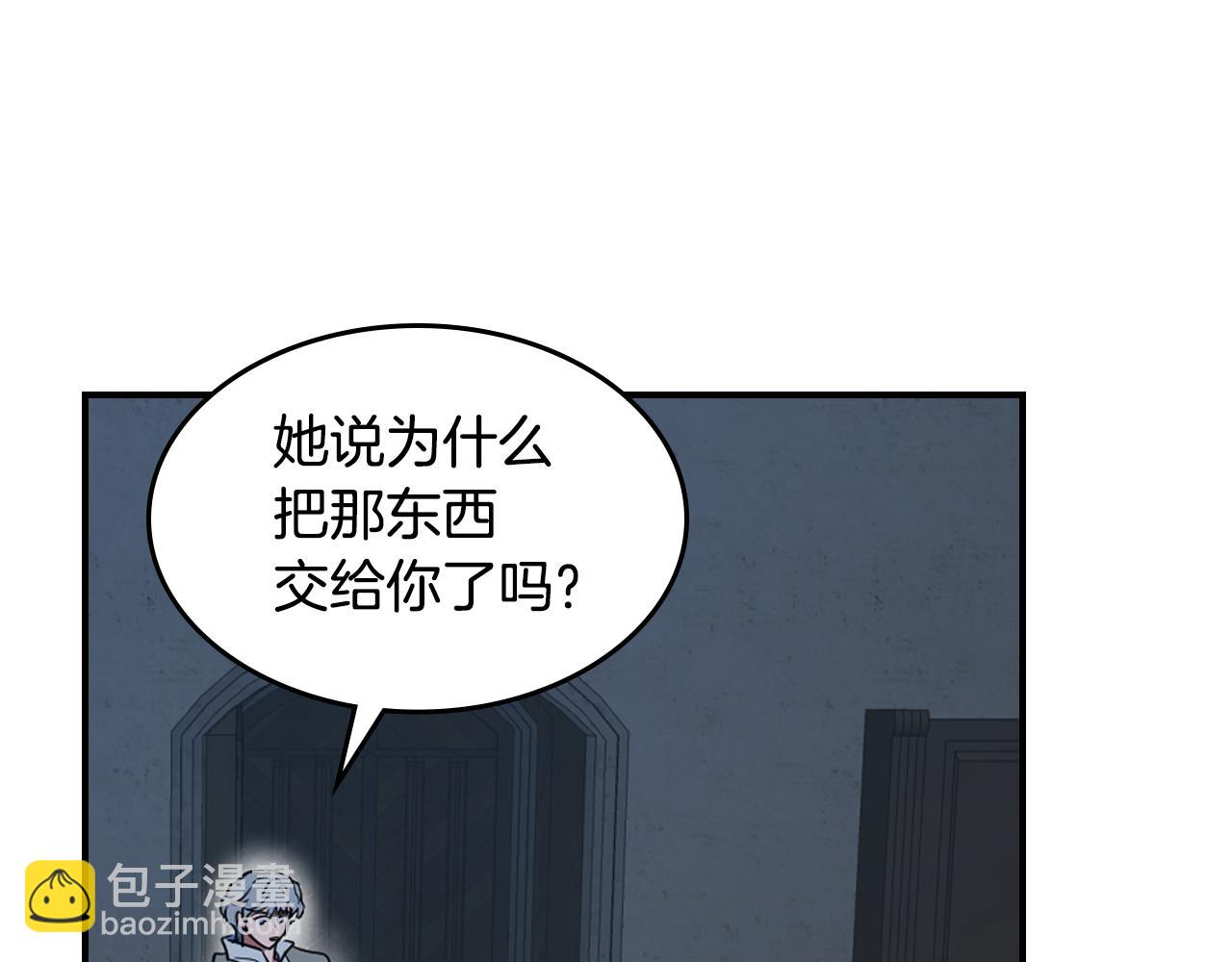 第174话 每个女性都可以是例外(1/4)-第175话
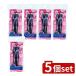 [5 шт. комплект ]. печать SSreti- волосы зажим L2PBK HL0146 [ одиночный товар внутри емкость / 2 шт ]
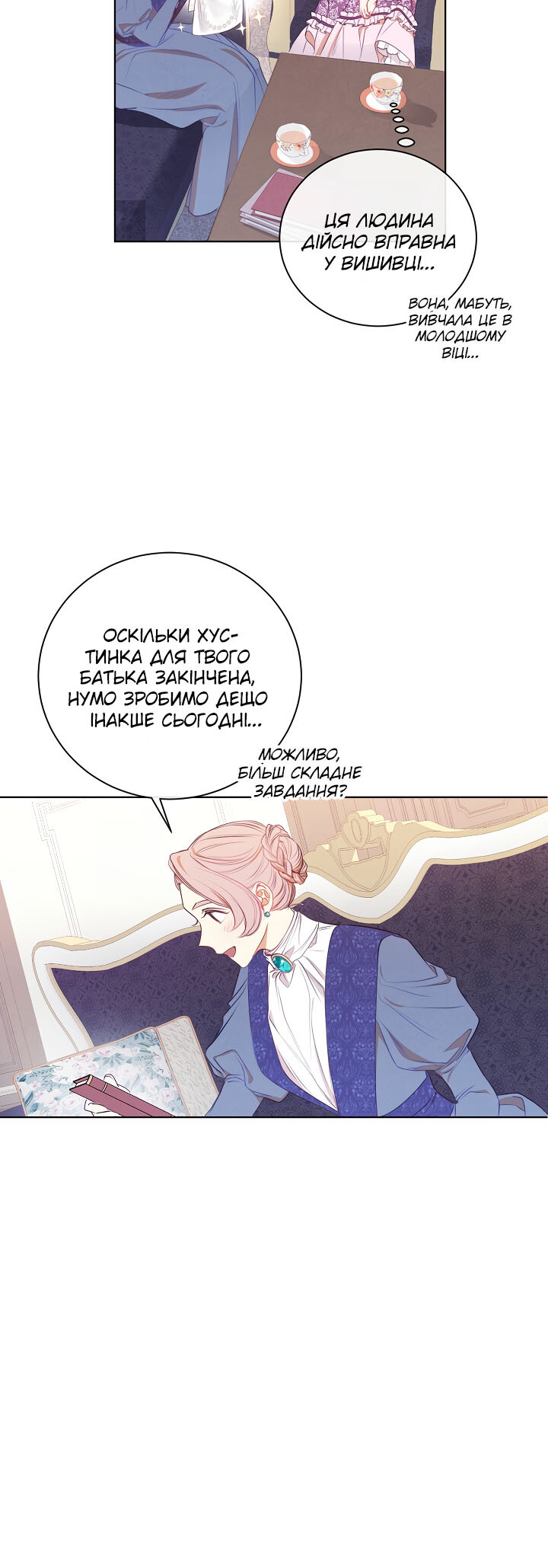 The Villainess Turns the Hourglass Vol. 1 Ch. 3 第42页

_ _ _

**Task directions**
Hand back every line of the material, exactly, without the pictures.

**Answer to this problem**
 第174话 每个女性都可以是例外(1/4)-第175话
 [5 шт. комплект ]. печать SSreti- волосы зажим L2PBK HL0146 [ одиночный товар внутри емкость / 2 шт ]
 The Villainess Turns the Hourglass Vol. 1 Ch. 3 第42页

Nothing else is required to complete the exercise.